Again, there are different versions of this recipe. You can add celery, spring onion, Sichuan peppers too. Some people add ajinomoto (MSG) to get that “Chinese food taste”, but I prefer it without the MSG. You can also add a little orange color for that street food look. As the dish is cooked on high heat throughout, chop the vegetables very fine so that the vegetables are cooked well. Cooking on high heat also adds a smoky flavor to the dish.
This is one of the best recipes that my aunt makes. She always prepares the sauce in advance and whips up this spicy dish every time we crib about the dinner being too boring. You can prepare the sauce in advance and keep it in fridge in airtight container. Make sure the rice is not over cooked. you can also use the sauce for stir fries.

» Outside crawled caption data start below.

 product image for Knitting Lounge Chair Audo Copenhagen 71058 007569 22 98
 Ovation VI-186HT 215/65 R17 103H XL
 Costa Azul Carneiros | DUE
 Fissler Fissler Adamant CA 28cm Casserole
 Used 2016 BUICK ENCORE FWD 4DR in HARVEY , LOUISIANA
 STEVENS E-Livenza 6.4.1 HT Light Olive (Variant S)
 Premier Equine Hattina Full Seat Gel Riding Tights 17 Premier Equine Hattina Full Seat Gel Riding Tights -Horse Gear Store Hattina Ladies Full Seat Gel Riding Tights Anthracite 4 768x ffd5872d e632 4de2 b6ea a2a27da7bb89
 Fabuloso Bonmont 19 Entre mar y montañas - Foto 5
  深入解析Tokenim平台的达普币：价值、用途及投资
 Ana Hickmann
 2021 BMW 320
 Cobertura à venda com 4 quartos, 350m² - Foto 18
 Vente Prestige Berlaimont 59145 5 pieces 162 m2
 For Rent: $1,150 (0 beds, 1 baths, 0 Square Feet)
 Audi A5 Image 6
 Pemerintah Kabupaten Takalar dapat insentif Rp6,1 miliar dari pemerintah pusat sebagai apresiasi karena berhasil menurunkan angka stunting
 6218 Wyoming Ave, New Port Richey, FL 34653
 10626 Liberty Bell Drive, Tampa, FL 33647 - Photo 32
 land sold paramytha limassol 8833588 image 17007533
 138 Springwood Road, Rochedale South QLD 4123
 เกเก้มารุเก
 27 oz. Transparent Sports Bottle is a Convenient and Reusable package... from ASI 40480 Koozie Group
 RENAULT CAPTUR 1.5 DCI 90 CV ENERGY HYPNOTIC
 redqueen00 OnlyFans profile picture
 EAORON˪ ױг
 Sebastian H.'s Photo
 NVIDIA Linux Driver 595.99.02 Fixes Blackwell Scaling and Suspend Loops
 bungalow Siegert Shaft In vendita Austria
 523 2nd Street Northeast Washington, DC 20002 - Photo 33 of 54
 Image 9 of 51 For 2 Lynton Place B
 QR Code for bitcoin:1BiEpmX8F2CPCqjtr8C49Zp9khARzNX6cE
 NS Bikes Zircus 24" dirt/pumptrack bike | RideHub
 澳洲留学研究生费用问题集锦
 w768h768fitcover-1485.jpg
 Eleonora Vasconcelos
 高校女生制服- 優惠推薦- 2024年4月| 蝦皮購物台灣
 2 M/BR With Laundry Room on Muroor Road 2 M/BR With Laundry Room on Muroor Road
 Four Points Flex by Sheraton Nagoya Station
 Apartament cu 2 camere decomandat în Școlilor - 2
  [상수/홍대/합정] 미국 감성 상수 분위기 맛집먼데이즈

You can serve Szechwan rice with a sauce of your choice or it tastes good just by itself.
- 2 cups cooked rice
- 10-12 dry red chillies (tops removed) soaked in hot water for 10 mins
- 3 inch piece of ginger
- 5-6 cloves garlic
- ¼ cup chopped tomatoes
- ½ cup onions finely chopped
- ½ cup finely grated cabbage
- ¼ cup beans finely chopped
- ¼ cup carrots finely chopped
- ¼ cup capsicum finely chopped
- ¼ cup celery finely chopped
- 2 tsp soy sauce
- 2 tsp vinegar
- 2 tbsp sesame oil/any other cooking oil
- Salt to taste
Grind tomato, ginger, garlic, and red chillies to a smooth paste. Heat 1 tbsp oil in a thick bottomed pan. Add onions and cook for few minutes (1-2) till they are translucent and pink. Add cabbage and cook for 2-3 mins. Add the tomato chilli paste and mix well. Keep mixing it every 30-40 seconds. Cook till oil separates. Transfer this sauce to a bowl and keep aside. This sauce can be used for stir fries too. Once it is completely cooled, you can store it in fridge for upto two weeks in an air tight container.
Heat 1 tbsp oil in a wok/kadhai. Add finely chopped celery and sauté on high heat for 30-40 secs. Add carrots and beans and sauté for 1-2minutes on high heat. Add capsicum and sauté for 1 minute. Add salt and cook for 1-2 mins. Add the schezuan sauce and mix well. Add this gravy to the cooked rice. Mix well and serve hot.